What is being asked: From the listing that follows, reproduce only the lines from the one holding "power supply Black" through the one holding "Vogel Tak Waterverf", both included, with no pictures.

Task inputs:
____

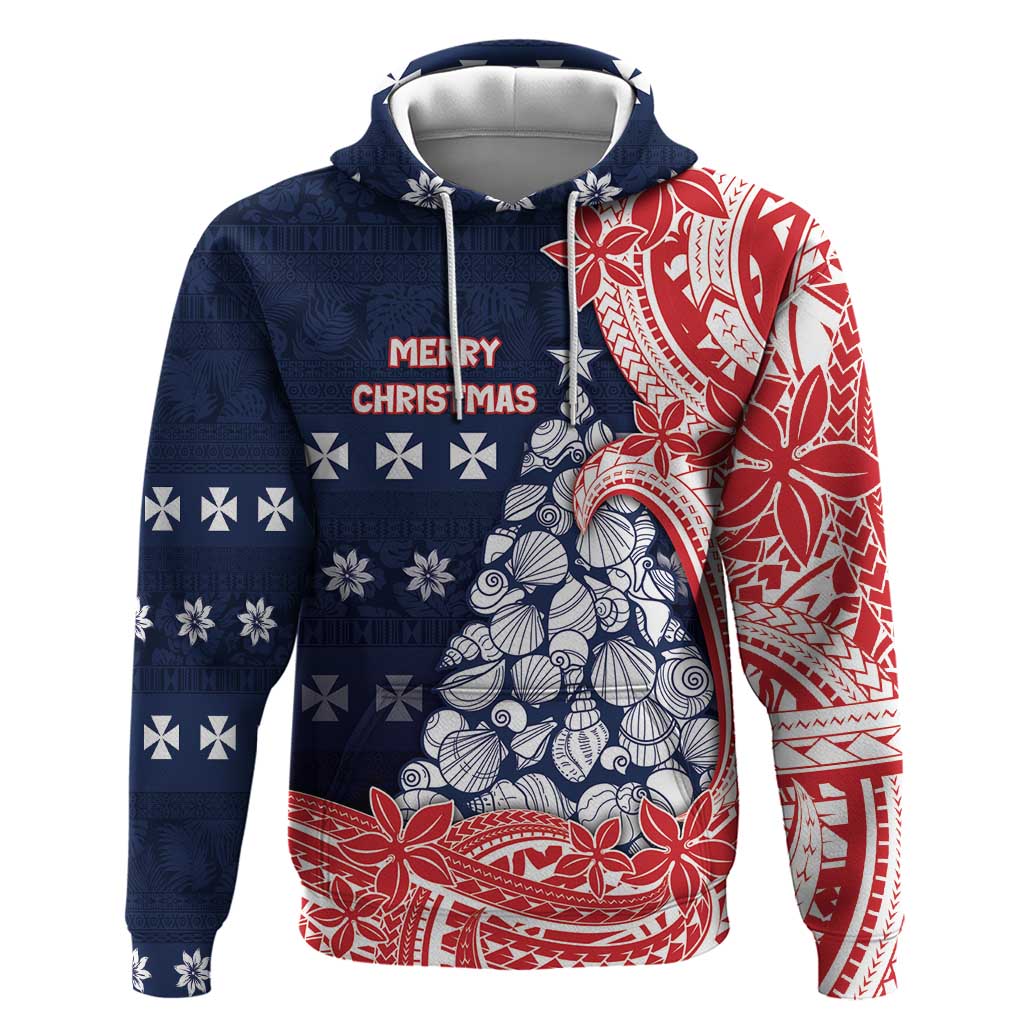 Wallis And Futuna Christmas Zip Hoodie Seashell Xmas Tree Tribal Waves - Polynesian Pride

____

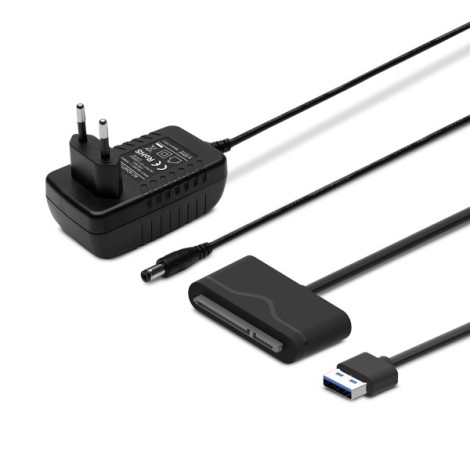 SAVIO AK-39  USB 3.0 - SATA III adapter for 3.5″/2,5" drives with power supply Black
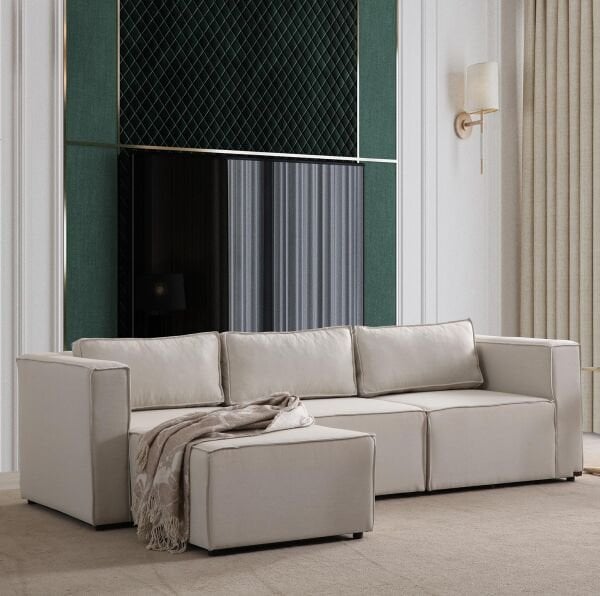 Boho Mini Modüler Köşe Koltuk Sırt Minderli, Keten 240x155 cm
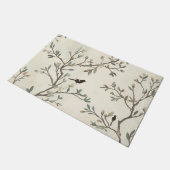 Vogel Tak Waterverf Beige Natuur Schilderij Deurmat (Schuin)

____

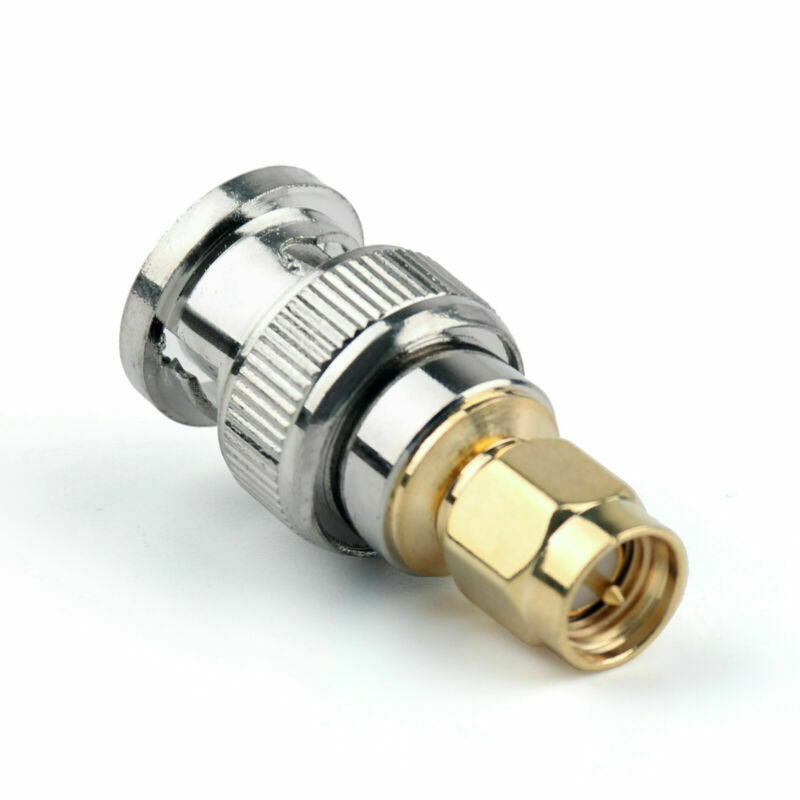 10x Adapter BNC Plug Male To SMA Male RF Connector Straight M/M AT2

____

The completed task:
 SAVIO AK-39  USB 3.0 - SATA III adapter for 3.5″/2,5" drives with power supply Black
 Boho Mini Modüler Köşe Koltuk Sırt Minderli, Keten 240x155 cm
 Vogel Tak Waterverf Beige Natuur Schilderij Deurmat (Schuin)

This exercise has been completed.